Workplace complexity requires careers guidance and skills provision overview

Anthony Mann looks at the issue of careers advice with the demands of employers for workers with certain skills becoming ever-more complex.

Two elements of education and skills policy have, of late, attracted particularly intense controversy. Both are Cinderellas of their sectors and the two are related: careers education and adult skills provision.

What connects them is that they are at the sharp end of action to ensure there is a meaningful relationship between the skills delivered by providers and those actually demanded by employers.

Careers provision and adult skills training should be acutely sensitive to the labour market’s touch.

There are indications to suggest, however, that sensitivity levels are falling into evil step-sister territory with scale and volume of provision in both areas out of kilter with demand.

It’s a concern that has been identified by thinktanks like Reform, which recently brought together leading FE figures, including Professor Alison Wolf, to take stock of the issues with a roundtable conversation under the title Adding value in the labour market: what role for ‘second chance’ education?

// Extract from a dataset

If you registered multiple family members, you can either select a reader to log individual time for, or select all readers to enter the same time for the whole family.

What was clear from the debate is that a crisis is coming into view, not just of short term funding, but of structural change requiring strategic response.

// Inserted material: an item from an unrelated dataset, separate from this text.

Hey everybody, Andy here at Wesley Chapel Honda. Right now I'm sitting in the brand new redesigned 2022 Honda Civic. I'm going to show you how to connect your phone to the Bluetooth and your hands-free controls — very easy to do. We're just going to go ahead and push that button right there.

We see people finding themselves possessing skills now unwanted, while employers struggle to expand into new fields because they can’t find the skills they need

In an attempt to get to grips with this change, last month I ran an experiment. The charity where I work runs a free, national volunteering programme called Inspiring the Future. Employee volunteers sign up to make themselves available to schools and colleges looking to help students make careers choices and develop skills for employment.

I wanted to know how many of the volunteers signing up had unique job titles. I was interested in the ways in which work is becoming more complex. Over recent years, a chorus of commentators, led by the Organisation for Economic Co-operation and Development (OECD), has argued that complexity is growing and it is a problem — for young people, for adults, for education and training providers and for governments.

Analysts highlight the rise of self-employment, small and medium sized enterprise (SME) employment and the ways in which economic sectors can experience rapid changes in skills demand linked to technological innovation: witness online retail, electronic engine maintenance, replacement of people with machines at every multiplex cinema.

Essentially, the argument runs that if the labour market is more complex, then it is harder for employer demand to be signalled and for providers to put on the right courses and for students to choose them.

More complex labour markets increase the risk of skills mismatch. Complexity relates to ways in which technological innovation changes work, the ways that it can and does destroy trades, creates new jobs and rapidly changes working practices. The new wave of digital automation is changing work fundamentally.

Young people have long struggled to understand demand in their local labour markets, making decisions on the basis of aspirations which, collectively, have nothing in common with projected skills demand.

The risks of poor decision making have long been high, it will only get greater if high quality careers provision, rich in first hand experiences of the workplace, does not become the norm.

The risks, moreover, to individuals of getting caught out grows too. We cannot trust the market to provide — where once teenagers got tastes of the local labour market from part-time work, the Saturday job is now dying; and with liberalisation of labour market regulation, employers (predictably) are investing less in training.

Through no fault of their own, we see people finding themselves possessing skills now unwanted, while employers struggle to expand into new fields because they can’t find the skills they need.

The moral and economic case combines to drive a re-evaluation of how the worlds of education, training and work relate.

Which brings me back to my test. I looked at the job titles of 675 Inspiring the Future volunteers who registered over a three-week period in January. How many were unique? The outstanding answer: 670. Economic life is changing and quickly: the need is for a strategic response to the challenges it presents.